● DESCRIPTION OF THE TASK
Print exactly the lines below between the line containing "关于发布《上海市预制装配式混凝土建筑设计、生产、施工BIM技术应用指南》的通知" and the line containing "کل صادرات …", counting both of those lines. Leave pictures out.

● DATA EXCERPTS
# # #
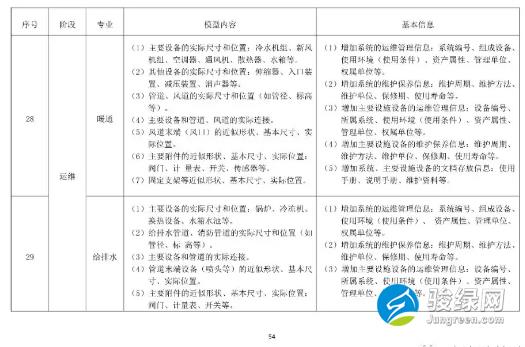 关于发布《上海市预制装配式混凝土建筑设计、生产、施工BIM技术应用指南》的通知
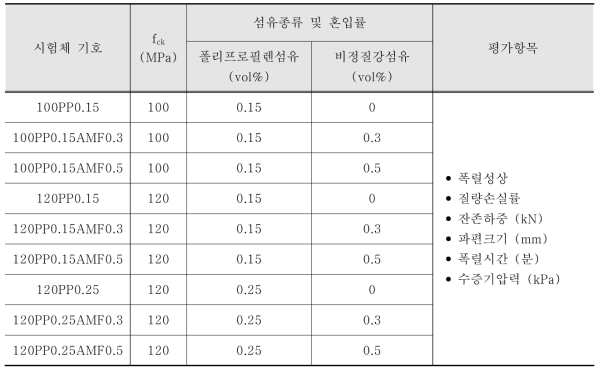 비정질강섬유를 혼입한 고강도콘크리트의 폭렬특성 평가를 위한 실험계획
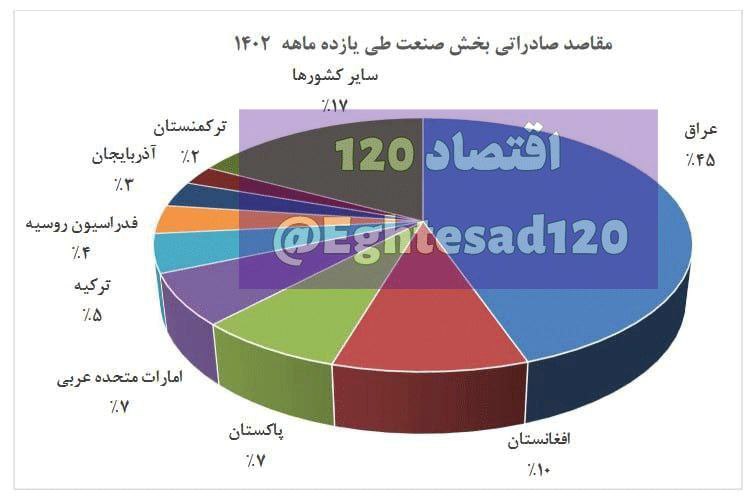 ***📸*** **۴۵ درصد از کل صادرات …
# # #
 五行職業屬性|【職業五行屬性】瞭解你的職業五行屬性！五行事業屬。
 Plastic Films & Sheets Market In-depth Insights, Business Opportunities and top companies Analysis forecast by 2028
# # #
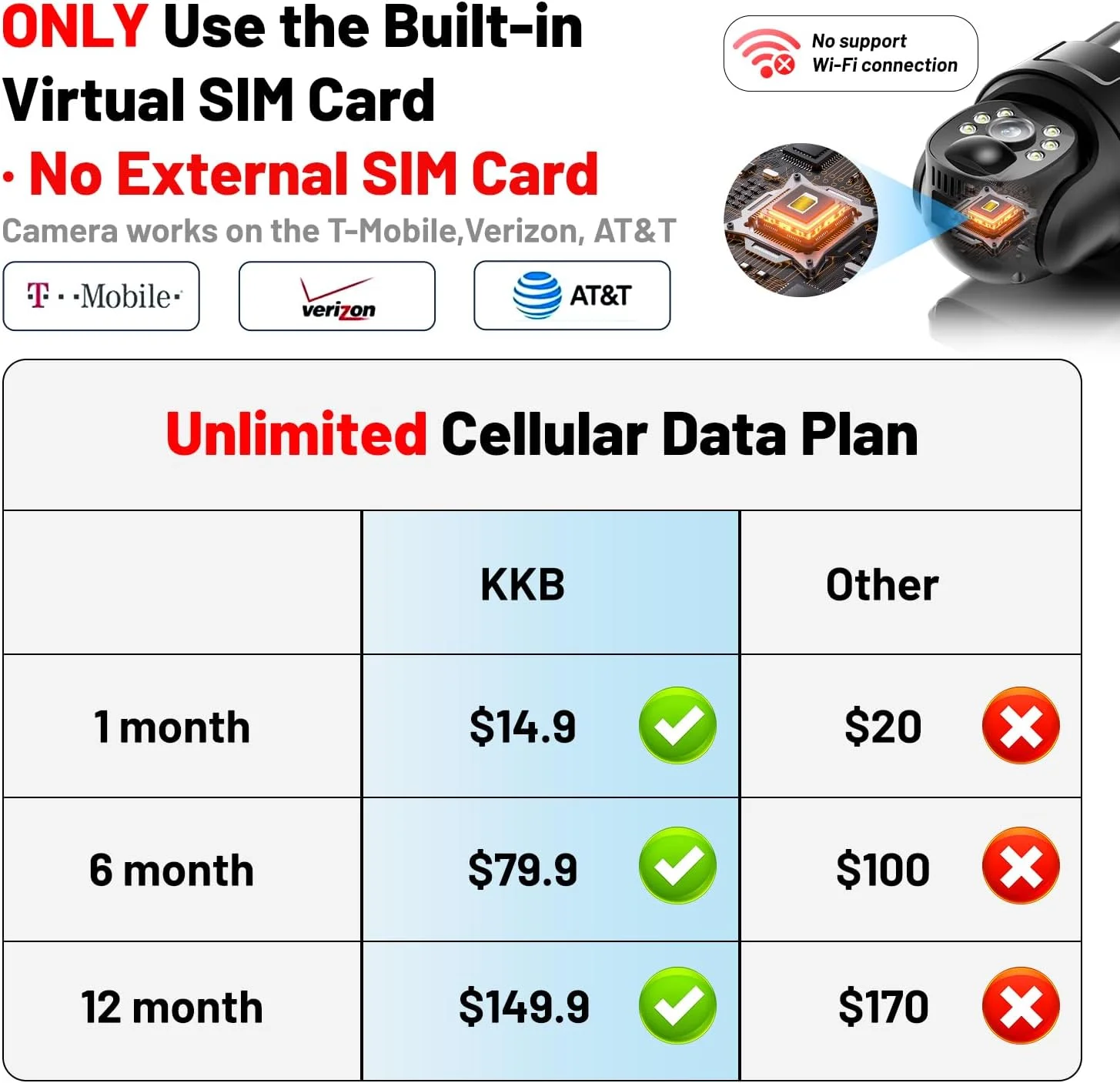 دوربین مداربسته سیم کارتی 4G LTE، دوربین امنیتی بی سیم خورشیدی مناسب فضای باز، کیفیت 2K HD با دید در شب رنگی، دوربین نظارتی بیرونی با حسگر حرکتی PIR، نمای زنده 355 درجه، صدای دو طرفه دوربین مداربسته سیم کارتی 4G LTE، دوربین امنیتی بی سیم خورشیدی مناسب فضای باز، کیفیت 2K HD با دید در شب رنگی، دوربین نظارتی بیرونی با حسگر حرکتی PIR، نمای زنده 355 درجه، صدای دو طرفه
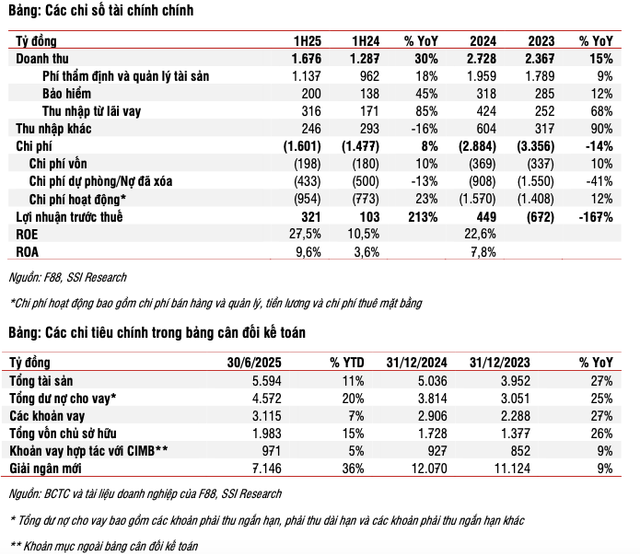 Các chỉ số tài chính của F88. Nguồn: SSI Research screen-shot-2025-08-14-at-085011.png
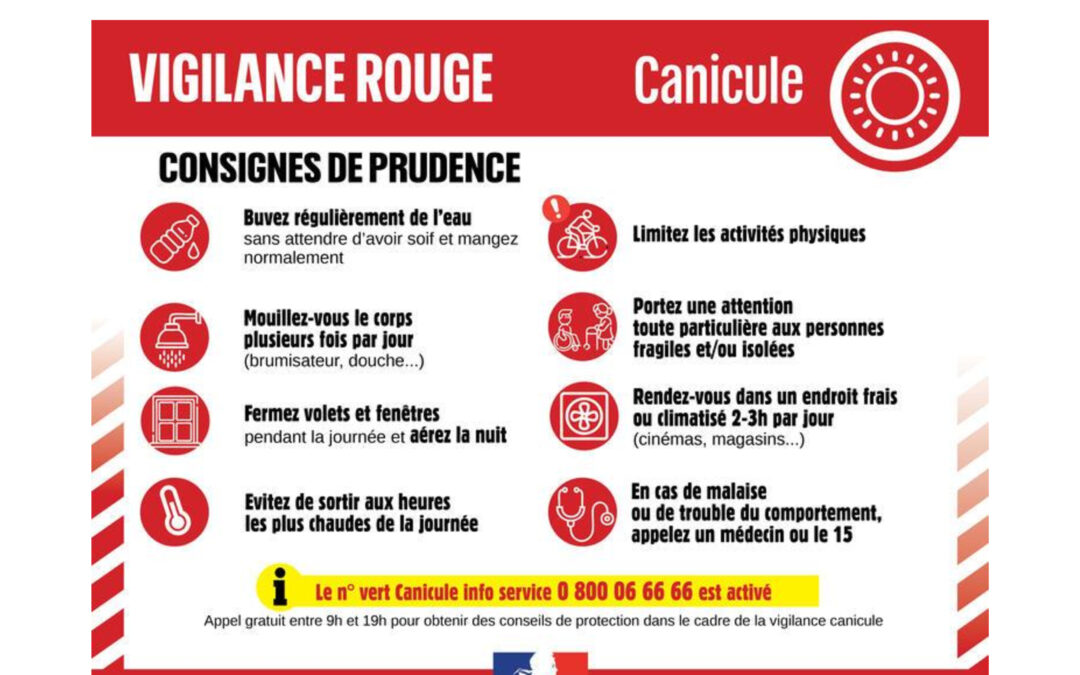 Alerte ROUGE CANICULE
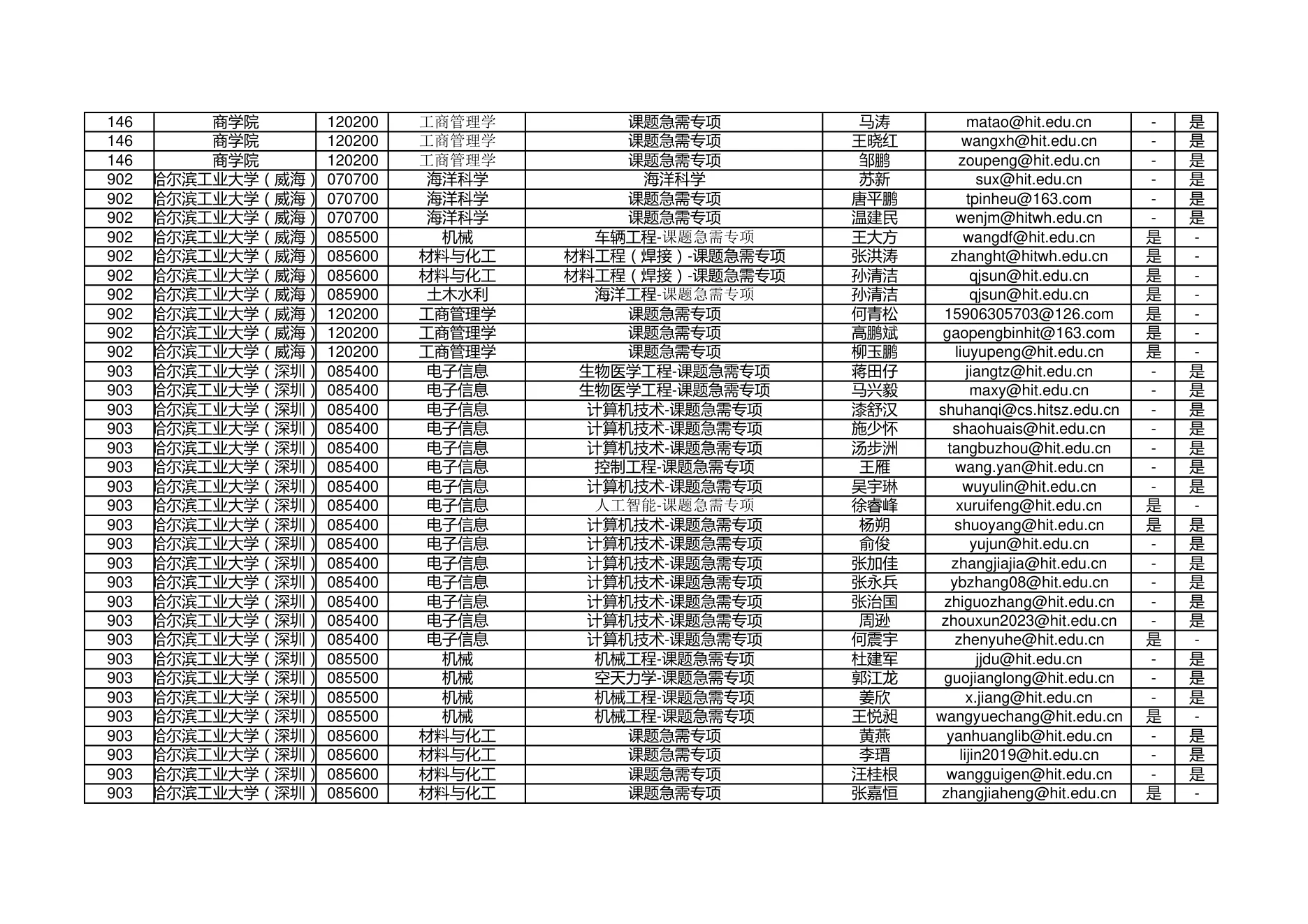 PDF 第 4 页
# # #
● FINISHED TASK
 关于发布《上海市预制装配式混凝土建筑设计、生产、施工BIM技术应用指南》的通知
 비정질강섬유를 혼입한 고강도콘크리트의 폭렬특성 평가를 위한 실험계획
 ***📸*** **۴۵ درصد از کل صادرات …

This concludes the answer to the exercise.